In the past on my 722K DVR with OTA module, I could direct-enter a local channel and it would take me to the OTA HD channel. For example, to view local channel KSPR-HD OTA 33-1, I would enter *33* on the remote and it would take me to *33-1*. For some reason, now when I enter *33*, the 722 now tunes to sat channel *33-0* in standard def.

How can I force the box to start ignoring the crappy SD locals again?

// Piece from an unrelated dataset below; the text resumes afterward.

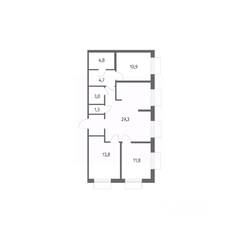 ЖК «Парусная 1», планировка 3-комнатной квартиры, 83.20 м²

My location cannot see the Eastern Arc. so I cannot get the HD locals via satellite. The only reason I subscribe to the locals is to get the guide.

thanks.


----------



## olguy (Jan 9, 2006)

I think if you click 033 the 722K will insert the - and then you click on 1. At least that's how I do it on a 922.


----------



## jsk (Dec 27, 2006)

Have you tried locking out (Menu-5-2) 33-0?


----------



## arxaw (Jul 13, 2003)

jsk,
That worked. Thanks.
There used to be a simpler way to do this, though.... 

@olguy,
Your method did not work on the 722. Don't know why they didn't put a *-* on these remotes.


----------



## scooper (Apr 22, 2002)

Just enter it like "03301" and you should get it. I have some Dish DTV PALs (CECBs) and that's how they enter.


----------



## arxaw (Jul 13, 2003)

scooper, 
jsk's method worked. And I only have to enter 1 or 2 digits for local channels, not a whole string.

It's ridiculous that Dish doesn't put a *-* on the remote number pad.


----------